Missing tensor 'blk.92.nextn.embed_tokens.weight error
Hey all, with LM Studio I get an error when trying to load Q3 variant models giving the following error below from LM Studio:
π₯² Failed to load the model
Failed to load model
error loading model: missing tensor 'blk.92.nextn.embed_tokens.weight'
Using latest LM Studio release and llama.cpp v 1.52.0, wondering if its just due to needing latest llama.cpp which isn't available in lm studio yet perhaps?
Wow, no updates. I'm using the latest KoboldCPP and it won't load - same error for the Q2 quant I used.
I had the same issues, running a two weeks old llama.cpp docker image. "ghcr.io/ggml-org/llama.cpp:server-cuda"
After updating to the latest release it now loads fine. (running release version: 6673)

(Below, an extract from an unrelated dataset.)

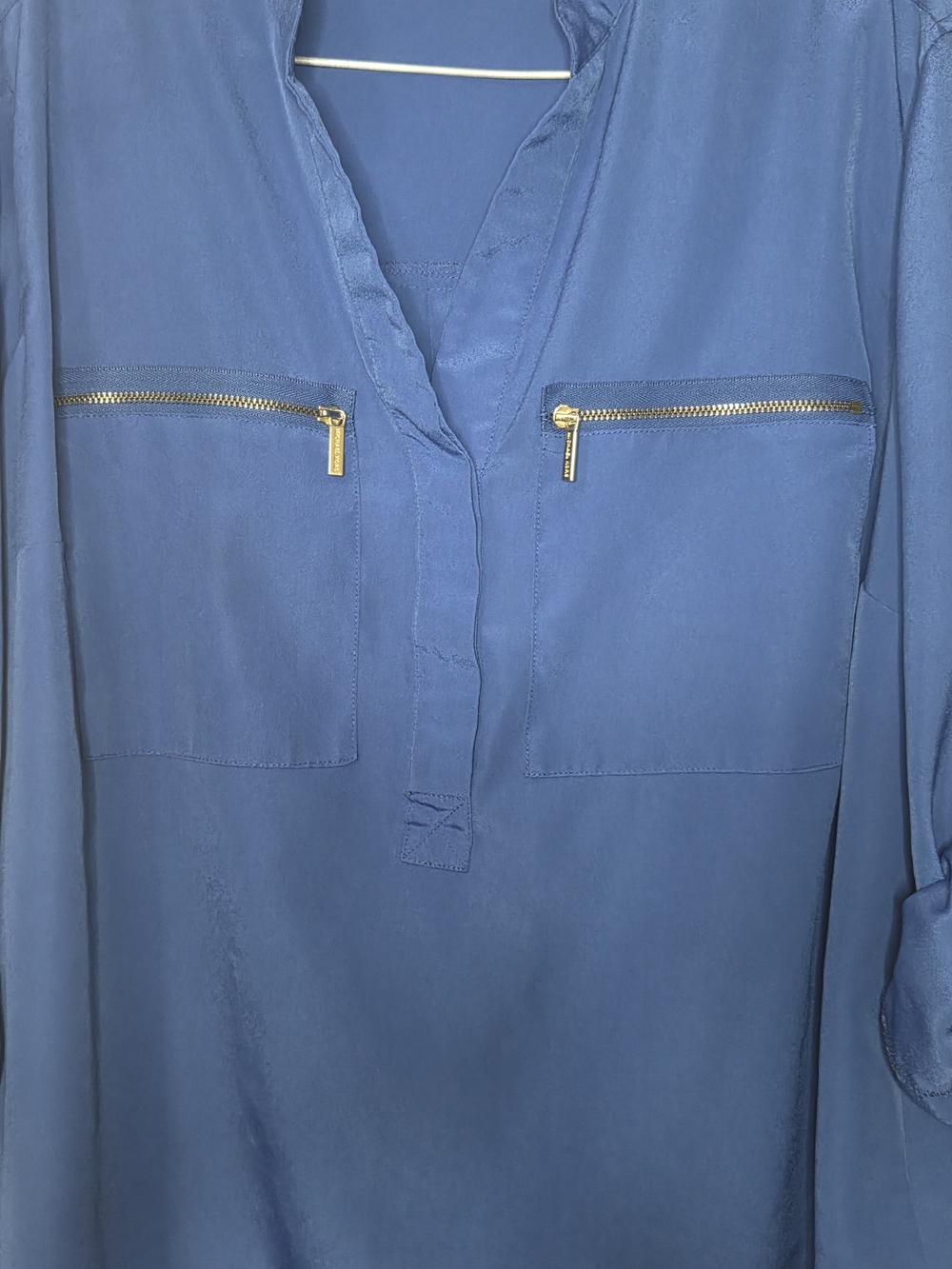 Michael Kors Cobalt Blue V-Neck Utility Blouse with Zip Accents - Picture 7 of 13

same for me - i have tried with both q6 and q8 quants.
It's the llama.cpp runtime, they added 4.6 support in release b6653 but lmstudio currently on beta and stable channels is at b6651. Will just need to wait for an update to go out for now.
Thanks for the hints!
I've been able, on text-generation-webui on Windows, to load the GLM-4.6 models by doing that command:
pip install llama-cpp-python --upgrade --force-reinstall --no-cache-dir
(take around 5-10 min)
Then I had warning about some extension like coqui-tts or gradio, I've entered into Session and remove all checkbox, save and restart everything. Then my GLM worked perfectly. Most likely as MadManDan said, llama.cpp need to be updated to latest version.